PROBLEM DESCRIPTION. Print every entry, word for word, and skip the images.

== RECORD EXCERPTS

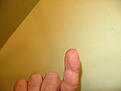 mold apr (4).jpg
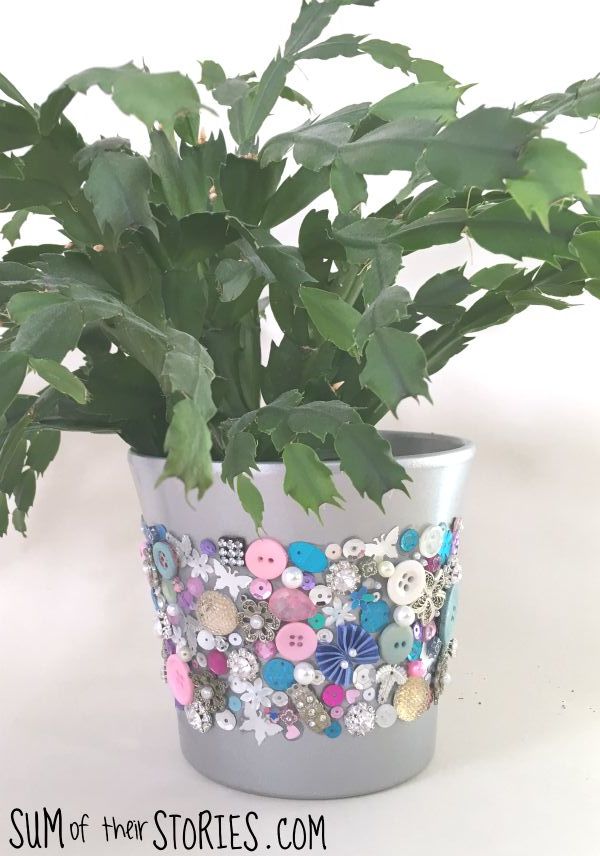 embellished plant pot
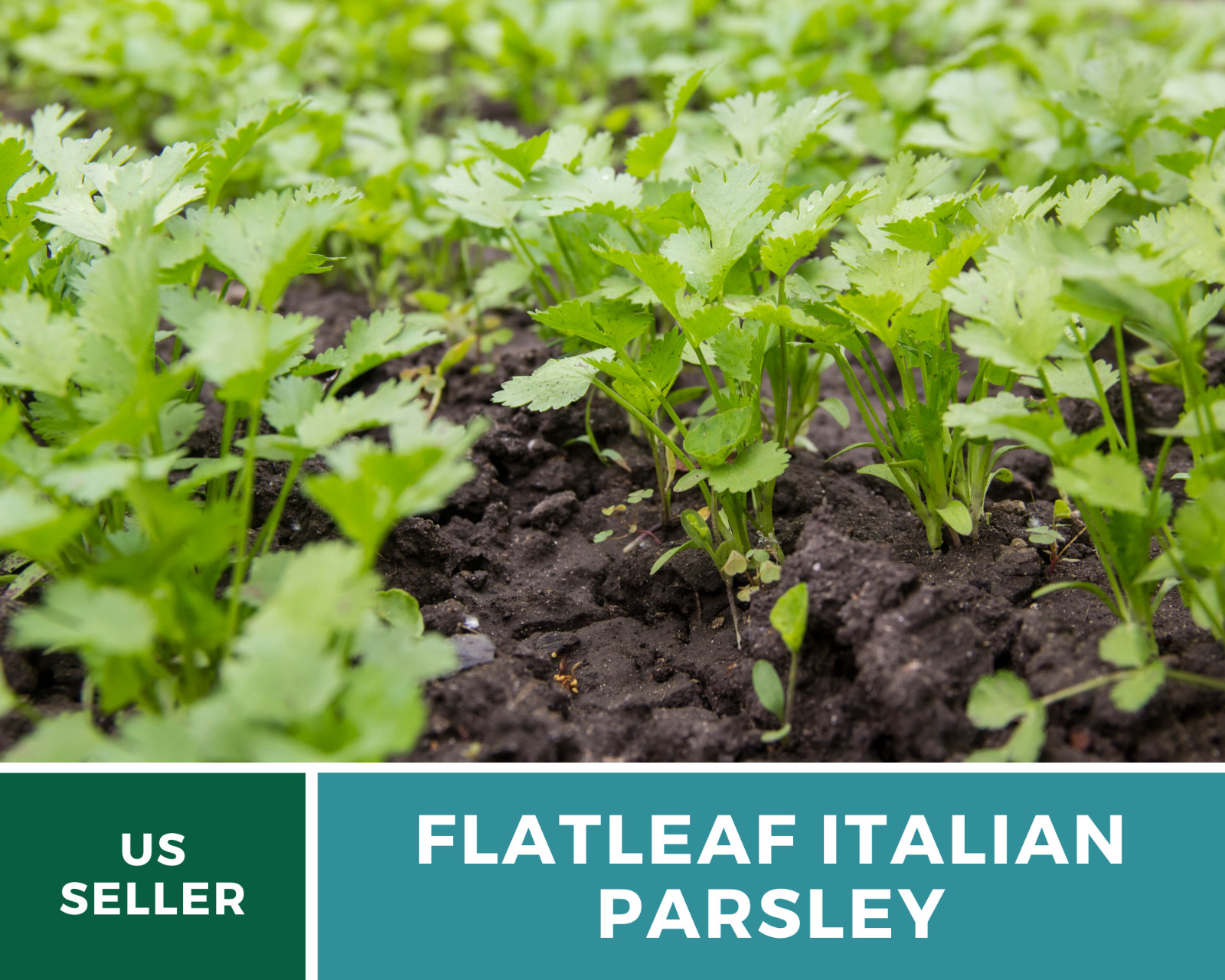 Parsley, Italian Flat Leaf – 200 Seeds – Non GMO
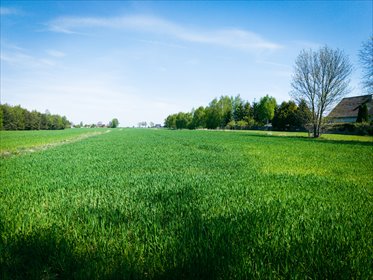 Działka 4180 m² z lasem i mediami – idealna pod dom działka Helenów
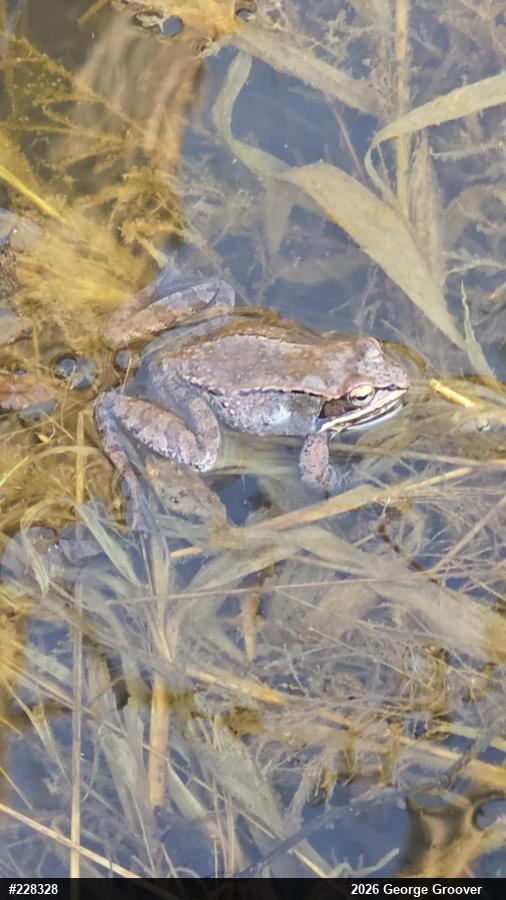 Wood Frog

====

ANSWER BOX.
 mold apr (4).jpg
 embellished plant pot
 Parsley, Italian Flat Leaf – 200 Seeds – Non GMO
 Działka 4180 m² z lasem i mediami – idealna pod dom działka Helenów
 Wood Frog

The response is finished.